→ **Material to process**

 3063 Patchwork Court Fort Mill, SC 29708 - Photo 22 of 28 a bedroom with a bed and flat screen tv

* * *

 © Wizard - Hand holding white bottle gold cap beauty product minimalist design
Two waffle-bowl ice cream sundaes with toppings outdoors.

→ **Problem requirements**
What lines above hold the word "with"? List them all.

→ **Task answer**
 3063 Patchwork Court Fort Mill, SC 29708 - Photo 22 of 28 a bedroom with a bed and flat screen tv
Two waffle-bowl ice cream sundaes with toppings outdoors.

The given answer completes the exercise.